Closing cost – Amounts charged to transfer ownership of the home to you. Depending on the type of financing you choose, these can include discount points and other loan fees, appraisal cost, credit check fees, attorney fees, title expenses, and recording fees.

Credit report – Document produced by an auditing firm that shows how well you have paid off loans in the past. The credit report helps a lender determine whether or not to lend you the money you are asking to borrow.

Down payment – Amount you pay in cash toward the total price of the home you’re buying.

Earnest money deposit – Term refers to good faith money deposited by a buyer under the terms of a purchase agreement, which becomes a part of your down payment at closing.

Equity – How much of your home that you actually own. When you first buy a home, your home ownership equals your down payment; your mortgage lender owns the rest. To determine your equity, subtract the amount you own on your loan from you home’s current market value.

Escrow account – Account administered by a neutral party where you deposit money that will be used to pay for certain aspects of your home loan, like earnest money deposit, closing costs, taxes and insurance. Typically, the account is managed according to the escrow agreement.

FHA – Federal Housing Administration, a federal agency established in 1934 under the National Housing Act to encourage and promote improvement in housing standards.

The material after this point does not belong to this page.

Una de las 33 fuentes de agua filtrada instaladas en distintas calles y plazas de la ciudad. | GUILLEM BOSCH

Homestead – Tract of land that is owned by a family and is occupied as the family home or primary residence.

HUD – United States Department of Housing and Urban Development is a federal cabinet department that oversees programs in urban renewal, public housing, FHA-subsidy programs and rehabilitation loans.

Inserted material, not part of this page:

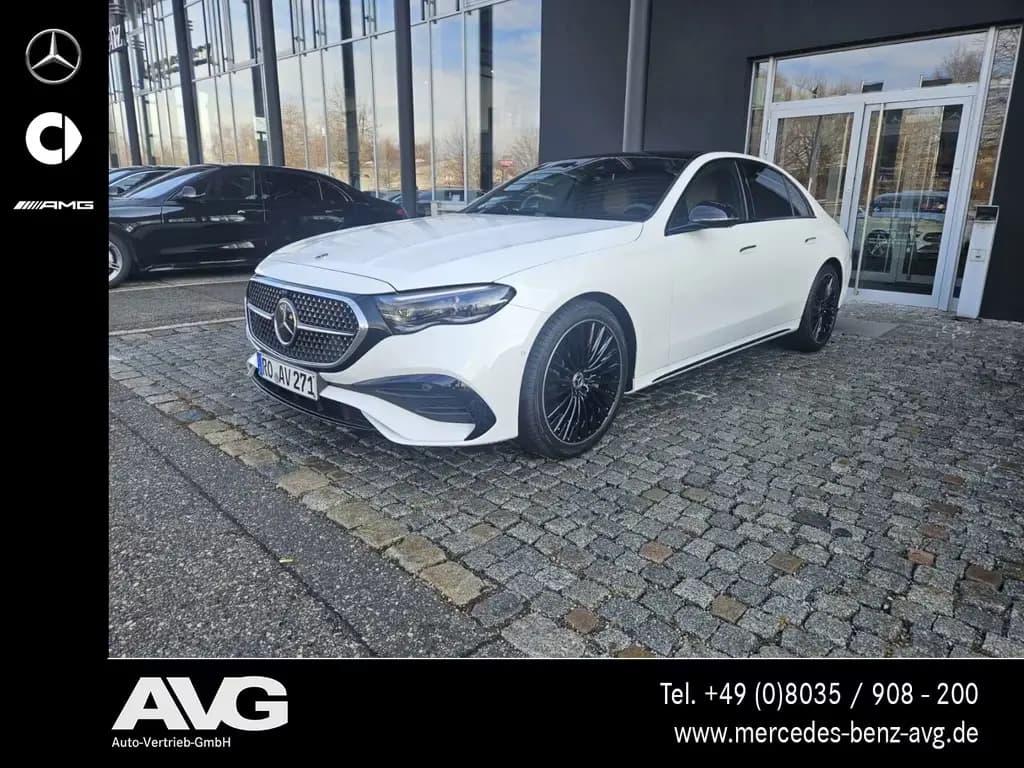 Main__Slider__Photo:Mercedes-Benz E 220 d 4M AMG Edition Pano Stndhzg AHK Night 01/2026-0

Interest – Amount of money a lender charges you to borrow money to buy a home. The interest represents a percentage of your total loan and is paid over time.

Loan application – Formal document you fill out when you approach a lender to borrow money to buy a home

Mortgage – Legal document outlining your responsibilities as a borrower, including the amount of the loan you’ve taken and the details and schedule of your repayment

Mortgage insurance – Policy the homeowner must buy to insure the lender in case the homeowner defaults on the loan. Mortgage insurance is not required with loans where there is equity of more than 20 percent in the property.

Pre-approval – This step means that you are approved by the lender for a certain loan amount. You may want to consider pre-approval before selecting your home, as this will make your closing faster.

Prepaids – Many lenders require the buyer to prepay several months’ worth of property taxes and insurance at closing.

Prequalification – Way to determine the likelihood that you will qualify for a home loan worth a certain amount of money. Pre-qualification precedes pre-approval.

Principal – Amount of your loan not including interest.